Dive Brief:
- The possible upcoming liquidation of Pennsylvania's failing Penn Treaty Network America Insurance Co., which has been in rehabilitation since 2009, has raised a more general debate about the health insurance industry's role in managing the fallout of failures in the long-term care sector, SNL reported.
- UnitedHealth Group has led a group of insurers in petitioning for changes to the guaranty fund that would support Penn Treaty.
- The health insurers aim to shift the way Pennsylvania will cover PennTreaty's $4 billion in liabilities if it goes into liquidation by creating a hierarchy -- with health insurers at the bottom -- for what different insurers would be required to pay into the pool.
Dive Insight:
Health insurers have argued long-term care is a distinct industry more akin to life insurance, and that health insurers should therefore not be held accountable for a significant amount of the long-term care industry's commitments.

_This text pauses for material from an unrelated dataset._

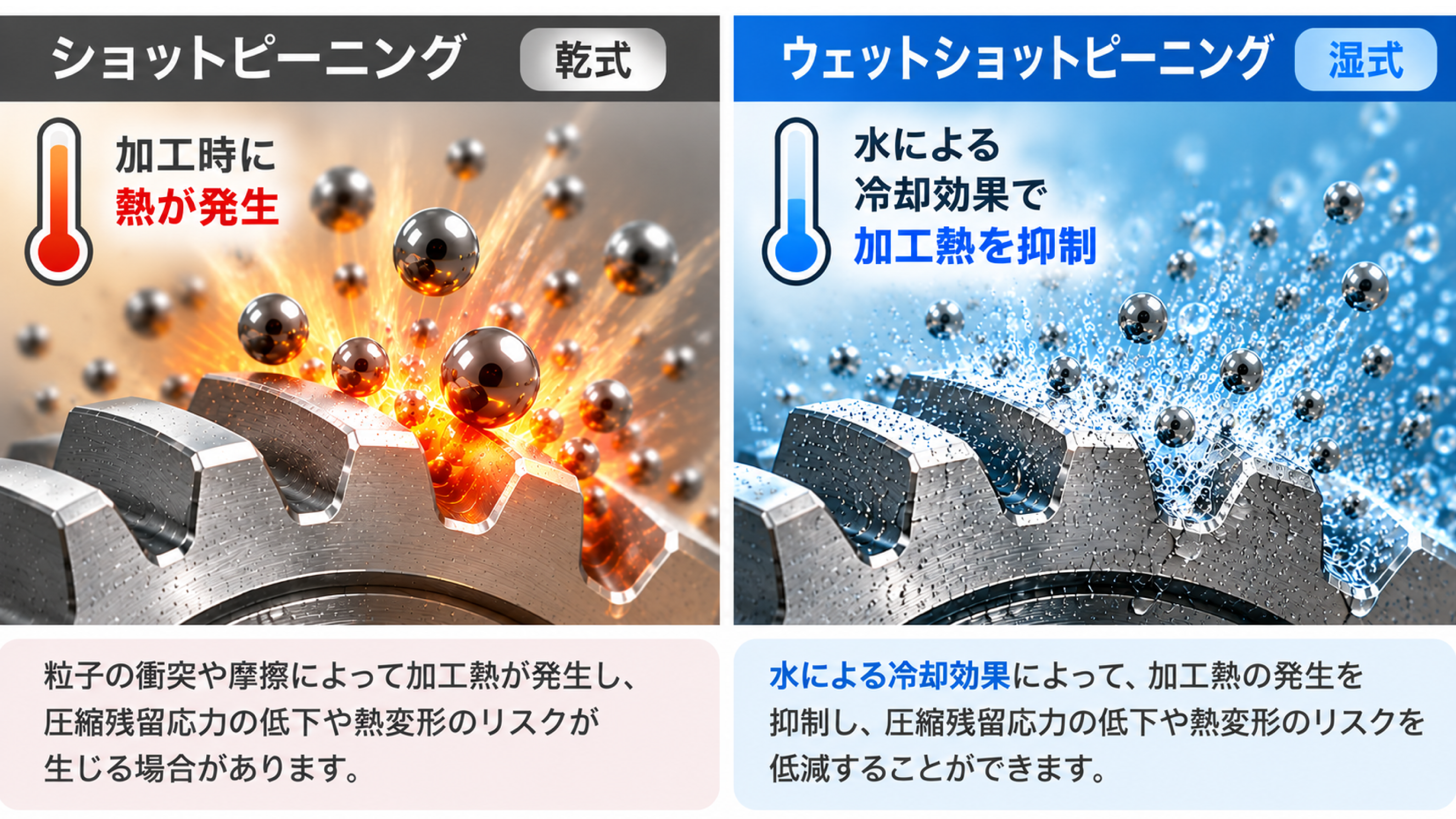 ショットピーニングとウェットショットピーニングの加工熱の違い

UnitedHealth has initiated the push given the increasingly unstable prospects of the long-term care sector in recent years, due to longer life expectancies and very low interest rates. The conditions have resulted in "massive" liabilities and steep rate increases in long-term care prices. Health insurers are particularly concerned about the potential impact if a national player goes down and they have to pay into state guaranty funds.

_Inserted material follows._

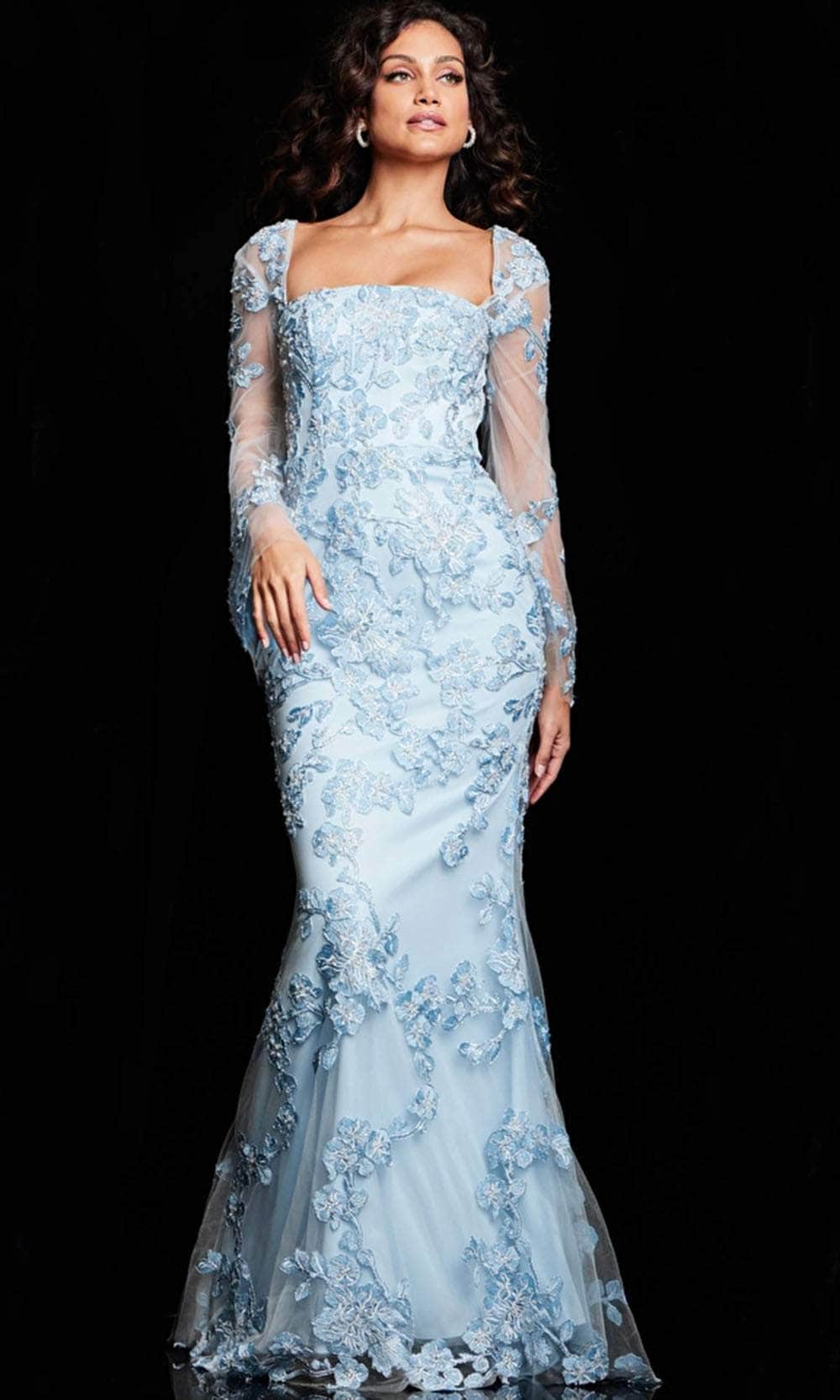 Image of Jovani 220520 - Straight-Across Neck Embroidered Dress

The implications for long-term care are as yet unclear; regulators noted that any action in the Penn Treaty case could set a precedent, and that any changes in favor of health insurers would "almost certainly anger the life insurance industry left on the hook for a growing proportion of the costs," according to SNL.
As a result, "We support the current model law," American Council of Life Insurers spokesman Jack Dolan told SNL. "We would not support any proposal to completely exempt health insurers from being assessed for long-term care."